6 best ngoh hiang in S’pore that’ll make you forget about the calories altogether

Ngoh Hiang, or fondly referred to as 五香 (Five Spices) in Chinese, is a Hokkien and Teochew dish served in many Asian countries such as Singapore, Malaysia and Indonesia. It’s usually eaten for breakfast for lunch and it comprises of a variety of deep-fried meat and vegetables that are rolled in a bean curd skin and served with a unique sweet sauce and chilli sauce. If you haven’t tried them before, here are the six best ngoh hiang in S’pore that’ll make you forget about the calories altogether;
  • China Street Fritters - China Street Fritters offers Hokkien-style ngoh hiang with four classic items – sausage, meat rolls, liver rolls and egg slices which were well-executed and not overtly oily.
  • Lao Zhong Zhong Fine Spice Stall - Wake up to a large variety of ngoh hiang ingredients that are offered at Lao Zhong Zhong Five Spice Stall which will certainly ignite your taste buds for the day!

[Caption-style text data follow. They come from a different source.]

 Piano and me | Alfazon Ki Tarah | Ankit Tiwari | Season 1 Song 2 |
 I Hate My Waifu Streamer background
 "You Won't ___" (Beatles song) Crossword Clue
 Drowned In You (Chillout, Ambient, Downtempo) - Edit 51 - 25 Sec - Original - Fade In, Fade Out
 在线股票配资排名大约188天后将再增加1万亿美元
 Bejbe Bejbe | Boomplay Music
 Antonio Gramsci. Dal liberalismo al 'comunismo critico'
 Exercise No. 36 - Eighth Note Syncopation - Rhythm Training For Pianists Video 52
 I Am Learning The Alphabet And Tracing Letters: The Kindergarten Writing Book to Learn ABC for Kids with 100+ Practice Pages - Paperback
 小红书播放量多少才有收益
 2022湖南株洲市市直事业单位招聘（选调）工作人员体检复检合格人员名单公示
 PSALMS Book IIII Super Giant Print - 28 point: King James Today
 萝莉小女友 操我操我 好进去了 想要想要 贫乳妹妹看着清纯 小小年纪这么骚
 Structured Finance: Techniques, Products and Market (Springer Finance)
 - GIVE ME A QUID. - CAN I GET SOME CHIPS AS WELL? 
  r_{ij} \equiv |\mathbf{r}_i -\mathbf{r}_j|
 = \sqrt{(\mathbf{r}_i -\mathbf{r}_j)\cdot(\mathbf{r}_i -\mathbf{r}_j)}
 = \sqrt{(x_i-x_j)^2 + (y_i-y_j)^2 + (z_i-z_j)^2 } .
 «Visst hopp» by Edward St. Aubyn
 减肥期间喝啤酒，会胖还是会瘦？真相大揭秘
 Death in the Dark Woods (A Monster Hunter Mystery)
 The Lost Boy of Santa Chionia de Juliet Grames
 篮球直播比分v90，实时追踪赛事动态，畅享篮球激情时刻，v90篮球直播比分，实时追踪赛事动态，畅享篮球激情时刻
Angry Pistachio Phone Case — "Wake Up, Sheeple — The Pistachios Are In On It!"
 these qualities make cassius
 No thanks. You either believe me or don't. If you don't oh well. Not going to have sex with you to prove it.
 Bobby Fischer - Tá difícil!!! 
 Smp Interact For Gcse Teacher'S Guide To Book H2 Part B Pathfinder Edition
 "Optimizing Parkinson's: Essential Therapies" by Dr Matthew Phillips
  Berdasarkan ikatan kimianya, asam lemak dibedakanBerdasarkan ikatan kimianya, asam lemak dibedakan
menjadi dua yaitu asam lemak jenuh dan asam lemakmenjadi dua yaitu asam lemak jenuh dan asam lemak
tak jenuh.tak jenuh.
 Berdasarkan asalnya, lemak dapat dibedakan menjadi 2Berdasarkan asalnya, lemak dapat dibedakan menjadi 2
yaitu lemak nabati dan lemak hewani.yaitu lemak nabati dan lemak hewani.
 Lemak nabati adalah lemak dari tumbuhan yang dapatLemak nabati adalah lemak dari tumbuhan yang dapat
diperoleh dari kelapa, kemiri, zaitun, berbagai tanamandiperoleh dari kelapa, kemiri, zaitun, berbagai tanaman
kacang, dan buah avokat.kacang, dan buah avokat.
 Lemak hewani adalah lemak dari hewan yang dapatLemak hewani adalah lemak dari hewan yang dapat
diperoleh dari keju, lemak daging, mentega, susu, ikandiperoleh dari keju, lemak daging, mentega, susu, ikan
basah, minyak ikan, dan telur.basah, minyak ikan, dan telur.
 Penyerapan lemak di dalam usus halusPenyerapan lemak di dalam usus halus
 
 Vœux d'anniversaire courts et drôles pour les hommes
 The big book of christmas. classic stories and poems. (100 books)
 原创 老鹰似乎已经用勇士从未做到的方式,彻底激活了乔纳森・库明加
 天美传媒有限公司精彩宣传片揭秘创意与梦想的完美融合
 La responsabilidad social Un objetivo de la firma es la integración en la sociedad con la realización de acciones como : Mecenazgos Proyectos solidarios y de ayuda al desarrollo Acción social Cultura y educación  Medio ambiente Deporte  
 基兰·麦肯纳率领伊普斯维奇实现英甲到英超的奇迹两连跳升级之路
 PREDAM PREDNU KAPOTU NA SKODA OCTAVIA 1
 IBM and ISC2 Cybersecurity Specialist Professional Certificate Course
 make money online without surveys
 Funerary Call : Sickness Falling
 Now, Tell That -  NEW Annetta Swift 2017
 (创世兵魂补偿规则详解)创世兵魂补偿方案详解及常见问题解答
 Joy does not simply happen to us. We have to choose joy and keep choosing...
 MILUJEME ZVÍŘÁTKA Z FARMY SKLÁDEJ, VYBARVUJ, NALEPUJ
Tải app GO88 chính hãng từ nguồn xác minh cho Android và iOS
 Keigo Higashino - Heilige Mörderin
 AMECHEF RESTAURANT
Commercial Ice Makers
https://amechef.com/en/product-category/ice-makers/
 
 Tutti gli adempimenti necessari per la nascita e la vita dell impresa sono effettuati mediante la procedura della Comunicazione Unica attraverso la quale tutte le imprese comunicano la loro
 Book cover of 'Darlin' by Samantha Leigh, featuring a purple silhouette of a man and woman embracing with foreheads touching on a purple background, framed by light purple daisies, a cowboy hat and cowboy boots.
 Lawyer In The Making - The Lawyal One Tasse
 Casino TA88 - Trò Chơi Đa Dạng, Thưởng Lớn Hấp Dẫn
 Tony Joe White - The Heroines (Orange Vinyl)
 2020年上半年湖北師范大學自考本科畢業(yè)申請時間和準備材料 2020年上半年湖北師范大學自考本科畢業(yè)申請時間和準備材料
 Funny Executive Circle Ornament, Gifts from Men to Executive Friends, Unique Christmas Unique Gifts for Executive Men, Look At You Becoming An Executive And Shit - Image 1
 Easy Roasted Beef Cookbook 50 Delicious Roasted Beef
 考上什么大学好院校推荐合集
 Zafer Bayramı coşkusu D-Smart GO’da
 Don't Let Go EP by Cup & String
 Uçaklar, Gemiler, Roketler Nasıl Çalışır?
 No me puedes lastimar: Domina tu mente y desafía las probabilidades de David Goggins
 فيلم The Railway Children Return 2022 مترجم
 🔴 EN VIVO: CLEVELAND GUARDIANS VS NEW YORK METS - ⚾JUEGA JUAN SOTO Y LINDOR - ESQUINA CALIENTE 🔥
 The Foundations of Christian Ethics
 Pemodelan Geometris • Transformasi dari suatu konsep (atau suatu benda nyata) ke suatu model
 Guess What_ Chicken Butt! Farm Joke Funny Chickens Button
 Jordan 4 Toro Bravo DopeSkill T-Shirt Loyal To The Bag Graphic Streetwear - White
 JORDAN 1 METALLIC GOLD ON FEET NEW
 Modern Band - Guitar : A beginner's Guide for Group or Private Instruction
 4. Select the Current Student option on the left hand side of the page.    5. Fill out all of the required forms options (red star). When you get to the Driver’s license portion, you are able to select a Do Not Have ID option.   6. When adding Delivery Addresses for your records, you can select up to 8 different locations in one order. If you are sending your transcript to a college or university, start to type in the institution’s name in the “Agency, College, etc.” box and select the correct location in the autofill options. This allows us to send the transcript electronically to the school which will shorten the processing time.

  • Hup Kee Ngoh Hiang - Hup Kee Ngoh Hiang is one of the last few stalls in Singapore that specialises in perfecting their home-made Hokkien styled Ngoh Hiang.
  • 93 Wu Xiang Xia Bin - Located in the heartlands, the ngoh hiang at 93 Wu Xiang Xia Bin is prepared in the Teochew style that are lovingly hand made by the stall owners every day.
  • Bukit Merah Central Wu Xiang Guan Chang - Many people patronise them for their tasty meat and liver rolls as well as their moist tau kwas with melt-in-your-mouth textures that would be hard to resist.
  • Xin Sheng Gor Hiong Prawn Crackers 新生五香虾饼 - If you are a big fan of deep-fried prawn fritters, this hidden gem at Boon Lay would pique your interest along with their wholesome range of ngoh hiang ingredients.